Many natural surrounds have been reduced to garbage dumping grounds, and unfortunately it’s not rare to see people throwing papers, tins and bottles out of their cars. Just this week in Beirut, I came across a meticulously groomed Lebanese lady about my age, stepping out of her uber-expensive car, tossing a tissue purposefully onto the pavement. Incredulous and highly upset, I sarcastically asked her, ‘Mafi zbeleh?’ (Isn’t there a dustbin?). ‘Eh, fi,’ (Yes, there is) she said in an even more sarcastic response. And that’s the mentality of educated people.
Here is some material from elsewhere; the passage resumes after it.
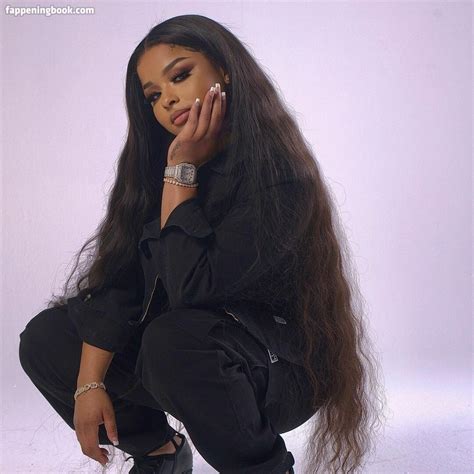 Chrisean nude. In an Instagram Live video, Chrisean explained what happened to her tooth. One of Blueface's ex-girlfriends and his baby mama, Jaidyn Alexis, provoked Chrisean. The two of them got into a physical fight, and Chrisean bumped her mouth on a surface, which knocked out her front tooth. Article continues below advertisement.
Old, traditional stone houses are being destroyed, leaving very few original structures to tell the Lebanese tale of old. In the village this is not as evident as in Beirut, where old buldings are being torn down to make way for ridiculous highrises that leave no room for the mystical imagination of once admired Arab, Ottoman and French architecture. Other buildings, such as this one, are just being allowed to decompose into a mass of forgotten rocks.
Due to the increased traffic on Lebanon’s roads, a lot of shortcuts are being built through the mountains to reduce traffic flow on the bigger highways. This means a lot of trees are being chopped down to make way for these double lanes, leaving a streak of ugly, fallen sand underneath. I asked about this and apparently it would be too costly to construct walls to hold the falling sand before constructing the roads, and so this is never done here, as the cost of these roads is already not fully paid for by the government and so other funds often need to be raised from international donors and local municipalities.